Media reporting of tenofovir trials in Cambodia and Cameroon
1 Dept. of Clinical Epidemiology & Biostatistics, McMaster University, Hamilton, Canada
2 Centre for International Human Rights Law, University of Oxford, Oxford, UK
3 Department of Epidemiology, London School of Hygiene and Tropical Medicine, London, UK
4 Development Studies Institute, London School of Economics, London, UK
5 Departments of Medicine, Health Policy, Management and Evaluation, University of Toronto, Toronto, Canada
6 Bloomberg School of Public Health, Johns Hopkins University, Baltimore, USA
Citation and License
BMC International Health and Human Rights 2005, 5:6 doi:10.1186/1472-698X-5-6Published: 24 August 2005
Two planned trials of pre-exposure prophylaxis tenofovir in Cambodia and Cameroon to prevent HIV infection in high-risk populations were closed due to activist pressure on host country governments. The international news media contributed substantially as the primary source of knowledge transfer regarding the trials. We aimed to characterize the nature of reporting, specifically focusing on the issues identified by media reports regarding each trial.

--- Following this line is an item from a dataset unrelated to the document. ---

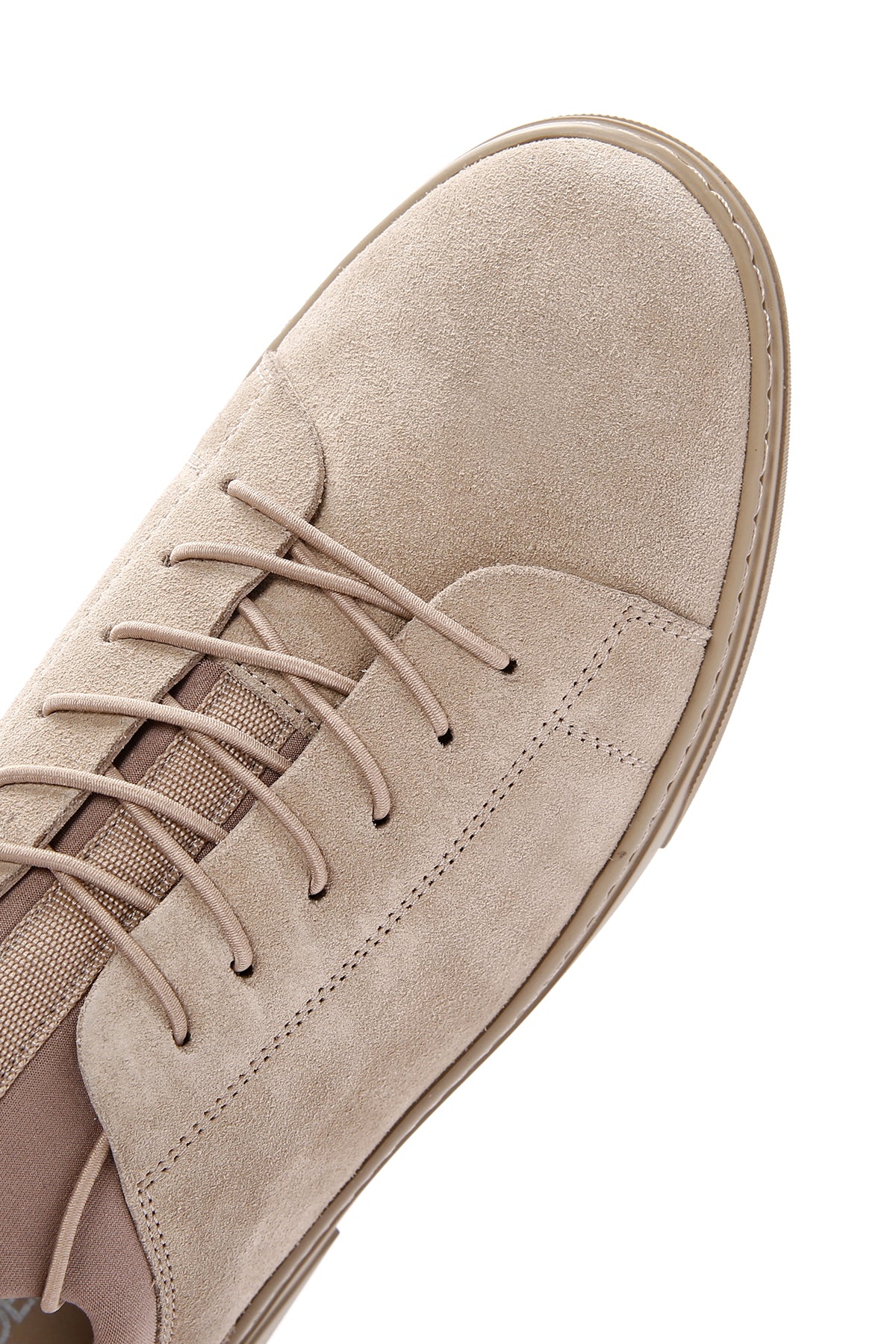 Derimod Fly Erkek Bej Bağcıklı Süet Deri Sneaker - Image 11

With the aid of an information specialist, we searched 3 electronic media databases, 5 electronic medical databases and extensively searched the Internet. In addition we contacted stakeholder groups. We included media reports addressing the trial closures, the reasons for the trial closures, and who was interviewed. We extracted data using content analysis independently, in duplicate.
We included 24 reports on the Cambodian trial closure and 13 reports on the Cameroon trial closure. One academic news account incorrectly reported that it was an HIV vaccine trial that closed early. The primary reasons cited for the Cambodian trial closure were: a lack of medical insurance for trial related injuries (71%); human rights considerations (71%); study protocol concerns (46%); general suspicions regarding trial location (37%) and inadequate prevention counseling (29%). The primary reasons cited for the Cameroon trial closure were: inadequate access to care for seroconverters (69%); participants not sufficiently informed of risks (69%); inadequate number of staff (46%); participants being exploited (46%) and an unethical study design (38%). Only 3/23 (13%) reports acknowledged interviewing research personnel regarding the Cambodian trial, while 4/13 (30.8%) reports interviewed researchers involved in the Cameroon trial.
Our review indicates that the issues addressed and validity of the media reports of these trials is highly variable. Given the potential impact of the media in formulation of health policy related to HIV, efforts are needed to effectively engage the media during periods of controversy in the HIV/AIDS epidemic.